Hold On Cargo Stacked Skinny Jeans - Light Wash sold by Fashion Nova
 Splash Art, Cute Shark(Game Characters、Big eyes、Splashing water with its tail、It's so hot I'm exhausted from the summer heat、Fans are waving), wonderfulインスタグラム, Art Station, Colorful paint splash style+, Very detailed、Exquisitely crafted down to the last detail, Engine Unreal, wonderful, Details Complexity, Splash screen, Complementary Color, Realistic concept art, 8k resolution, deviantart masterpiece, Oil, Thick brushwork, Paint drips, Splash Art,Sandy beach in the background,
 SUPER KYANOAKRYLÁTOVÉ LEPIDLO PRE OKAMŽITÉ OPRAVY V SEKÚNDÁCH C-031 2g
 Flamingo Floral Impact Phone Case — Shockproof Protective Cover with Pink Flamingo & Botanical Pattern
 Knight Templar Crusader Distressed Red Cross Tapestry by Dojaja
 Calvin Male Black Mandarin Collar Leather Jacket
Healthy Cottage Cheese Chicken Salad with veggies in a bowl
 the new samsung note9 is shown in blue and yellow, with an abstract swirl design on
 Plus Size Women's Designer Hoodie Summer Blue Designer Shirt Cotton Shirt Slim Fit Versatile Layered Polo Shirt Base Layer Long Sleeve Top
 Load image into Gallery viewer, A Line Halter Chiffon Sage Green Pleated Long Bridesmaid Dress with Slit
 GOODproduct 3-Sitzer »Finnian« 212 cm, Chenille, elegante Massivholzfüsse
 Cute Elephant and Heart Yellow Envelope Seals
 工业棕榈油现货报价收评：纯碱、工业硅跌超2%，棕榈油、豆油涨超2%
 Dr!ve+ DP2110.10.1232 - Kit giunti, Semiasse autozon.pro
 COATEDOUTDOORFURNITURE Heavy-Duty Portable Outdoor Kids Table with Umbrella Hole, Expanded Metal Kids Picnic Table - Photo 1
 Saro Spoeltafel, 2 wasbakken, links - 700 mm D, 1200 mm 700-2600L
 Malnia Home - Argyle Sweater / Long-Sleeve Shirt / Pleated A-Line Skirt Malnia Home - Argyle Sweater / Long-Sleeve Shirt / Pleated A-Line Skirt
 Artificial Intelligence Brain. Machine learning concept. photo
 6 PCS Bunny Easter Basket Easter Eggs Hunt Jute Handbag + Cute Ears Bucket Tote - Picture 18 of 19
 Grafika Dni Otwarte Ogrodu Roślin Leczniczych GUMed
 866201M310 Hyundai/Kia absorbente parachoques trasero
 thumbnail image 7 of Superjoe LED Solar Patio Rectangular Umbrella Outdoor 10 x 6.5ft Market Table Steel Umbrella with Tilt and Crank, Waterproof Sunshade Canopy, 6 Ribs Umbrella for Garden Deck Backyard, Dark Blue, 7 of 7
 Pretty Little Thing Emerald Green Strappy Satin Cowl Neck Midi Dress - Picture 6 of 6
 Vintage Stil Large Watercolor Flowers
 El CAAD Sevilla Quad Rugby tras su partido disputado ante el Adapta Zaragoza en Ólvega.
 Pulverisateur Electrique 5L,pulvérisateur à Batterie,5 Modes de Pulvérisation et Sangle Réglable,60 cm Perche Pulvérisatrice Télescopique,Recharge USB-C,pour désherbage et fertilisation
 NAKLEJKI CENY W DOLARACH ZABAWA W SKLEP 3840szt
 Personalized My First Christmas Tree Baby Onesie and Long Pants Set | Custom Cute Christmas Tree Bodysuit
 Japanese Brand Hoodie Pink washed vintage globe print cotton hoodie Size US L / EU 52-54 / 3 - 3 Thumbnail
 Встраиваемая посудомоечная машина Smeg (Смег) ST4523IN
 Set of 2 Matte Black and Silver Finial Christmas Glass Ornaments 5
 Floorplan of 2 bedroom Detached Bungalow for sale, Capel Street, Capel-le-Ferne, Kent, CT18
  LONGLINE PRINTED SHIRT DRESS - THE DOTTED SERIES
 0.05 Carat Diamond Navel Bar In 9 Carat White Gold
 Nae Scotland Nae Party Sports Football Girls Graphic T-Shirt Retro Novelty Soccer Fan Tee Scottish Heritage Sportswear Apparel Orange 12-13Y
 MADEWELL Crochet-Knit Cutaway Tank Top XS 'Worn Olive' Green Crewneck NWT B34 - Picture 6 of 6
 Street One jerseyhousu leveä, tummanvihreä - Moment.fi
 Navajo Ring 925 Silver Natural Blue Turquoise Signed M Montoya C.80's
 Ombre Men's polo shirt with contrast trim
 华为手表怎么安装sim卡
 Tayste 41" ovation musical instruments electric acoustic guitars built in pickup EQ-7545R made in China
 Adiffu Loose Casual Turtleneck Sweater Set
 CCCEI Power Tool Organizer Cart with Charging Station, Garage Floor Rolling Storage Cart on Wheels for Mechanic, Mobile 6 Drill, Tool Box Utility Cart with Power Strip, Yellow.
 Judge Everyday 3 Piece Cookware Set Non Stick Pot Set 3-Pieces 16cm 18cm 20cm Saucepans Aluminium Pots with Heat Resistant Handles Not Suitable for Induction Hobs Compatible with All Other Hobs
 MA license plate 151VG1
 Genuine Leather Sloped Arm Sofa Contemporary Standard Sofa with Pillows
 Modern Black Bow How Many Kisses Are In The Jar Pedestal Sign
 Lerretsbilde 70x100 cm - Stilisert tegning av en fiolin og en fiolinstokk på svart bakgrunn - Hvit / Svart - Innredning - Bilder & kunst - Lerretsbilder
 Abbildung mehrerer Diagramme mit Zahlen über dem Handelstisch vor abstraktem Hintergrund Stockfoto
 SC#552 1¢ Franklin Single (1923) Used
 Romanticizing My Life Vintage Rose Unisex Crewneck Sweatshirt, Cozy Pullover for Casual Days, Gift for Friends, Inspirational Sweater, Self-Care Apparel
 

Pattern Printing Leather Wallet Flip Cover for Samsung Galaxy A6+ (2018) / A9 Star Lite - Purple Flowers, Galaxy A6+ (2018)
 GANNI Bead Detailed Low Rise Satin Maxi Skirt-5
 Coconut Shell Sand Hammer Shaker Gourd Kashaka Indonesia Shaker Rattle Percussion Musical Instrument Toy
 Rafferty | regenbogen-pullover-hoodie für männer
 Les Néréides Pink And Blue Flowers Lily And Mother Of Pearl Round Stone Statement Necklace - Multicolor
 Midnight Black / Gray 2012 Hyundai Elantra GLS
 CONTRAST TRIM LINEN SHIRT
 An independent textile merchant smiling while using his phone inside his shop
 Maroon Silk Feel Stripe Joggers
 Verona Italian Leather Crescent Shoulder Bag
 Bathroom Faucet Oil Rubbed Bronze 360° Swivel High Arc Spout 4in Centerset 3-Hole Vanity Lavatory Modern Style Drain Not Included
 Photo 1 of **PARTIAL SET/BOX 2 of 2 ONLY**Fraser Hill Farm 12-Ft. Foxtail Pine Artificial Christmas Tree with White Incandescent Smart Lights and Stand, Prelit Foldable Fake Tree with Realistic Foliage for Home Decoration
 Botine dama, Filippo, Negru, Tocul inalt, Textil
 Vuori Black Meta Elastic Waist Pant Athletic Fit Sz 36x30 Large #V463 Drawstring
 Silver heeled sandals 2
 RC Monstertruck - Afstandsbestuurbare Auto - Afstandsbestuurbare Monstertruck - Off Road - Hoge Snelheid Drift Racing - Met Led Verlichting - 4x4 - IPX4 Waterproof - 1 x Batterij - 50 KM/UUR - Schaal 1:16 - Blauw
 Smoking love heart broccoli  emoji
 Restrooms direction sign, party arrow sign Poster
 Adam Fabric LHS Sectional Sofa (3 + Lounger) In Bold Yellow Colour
::::
What the task requires: Within the data above, find the lines that contain the word "Skirt" and copy each of them.

Answer to the problem:
 Malnia Home - Argyle Sweater / Long-Sleeve Shirt / Pleated A-Line Skirt Malnia Home - Argyle Sweater / Long-Sleeve Shirt / Pleated A-Line Skirt
 GANNI Bead Detailed Low Rise Satin Maxi Skirt-5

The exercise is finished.